2020-12-21: Unable to deploy to Kubernetes Infrastructure
Summary
More information will be added as we investigate the issue.
Timeline
All times UTC.
2020-12-21
- 17:34 - deployment to gprd fails - https://ops.gitlab.net/gitlab-com/gl-infra/deployer/-/pipelines/393051
- 17:45 - discovered the deployment failure was specific to the kubernetes infrastructure
- 18:52 - jskarbek declares incident in Slack.
- 22:55 - all remediation is complete, deployments are successful - #3228 (comment 471802763)
Corrective Actions
- Keep up-to-date on all tools utilized for Kubernetes infrastructure - delivery#1438 (closed)

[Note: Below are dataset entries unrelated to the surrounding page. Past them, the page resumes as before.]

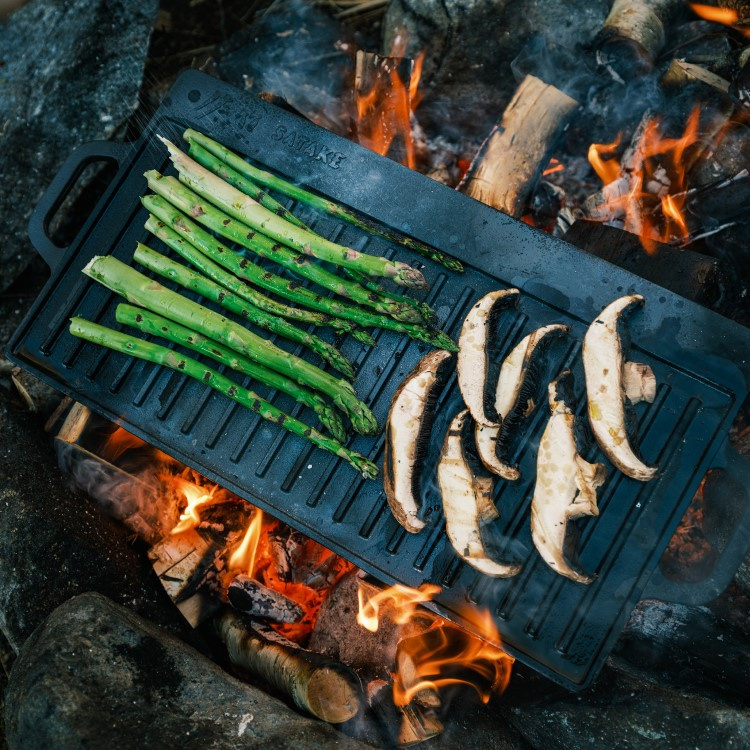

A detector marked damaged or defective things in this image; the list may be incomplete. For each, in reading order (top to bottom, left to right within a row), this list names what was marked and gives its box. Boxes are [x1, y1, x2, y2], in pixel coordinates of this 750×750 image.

charred asparagus spear [69, 318, 382, 482]
charred asparagus spear [82, 258, 378, 438]
charred asparagus spear [118, 306, 350, 444]
charred asparagus spear [132, 242, 356, 378]
charred asparagus spear [142, 212, 372, 344]
charred asparagus spear [147, 173, 426, 326]
charred asparagus spear [160, 135, 428, 290]
charred asparagus spear [142, 189, 458, 354]
charred asparagus spear [184, 129, 464, 274]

- Open an issue with the helm-git plugin to address the init command as this will be broken for others who are using helm 2 - https://github.com/aslafy-z/helm-git/pull/140
Incident Review
Summary
- Service(s) affected: Deployments
- Team attribution: teamDelivery
- Time to detection: 10 minuets
- Minutes downtime or degradation: 5 hours
Metrics
N/A
Customer Impact
-
Who was impacted by this incident? (i.e. external customers, internal customers)
- No one
-
What was the customer experience during the incident? (i.e. preventing them from doing X, incorrect display of Y, ...)
- N/A
-
How many customers were affected?
- N/A
-
If a precise customer impact number is unknown, what is the estimated impact (number and ratio of failed requests, amount of traffic drop, ...)?
- N/A
What were the root causes?
When Delivery started the migration work of VM's to Kubernetes Infrastructure, Helm was at version 2. While we did an okay job maintaining updates for that version, switching to version 3 was blocked due to various issues. Kubernetes prevents some fields from being updated, and changes to the methods for which helm manages objects prevented our initial upgrade to version 3 of Helm. This was later tabled with a status blocked in search for a solution. While a solution was never found, other priorities ended up taking precedent in order to meet Quarter OKR's, primarily the drive to migrate as much of our stateless services using an unmodified helm chart. This resulted in us being forced to rely on Helm version 2 beyond EOL in November.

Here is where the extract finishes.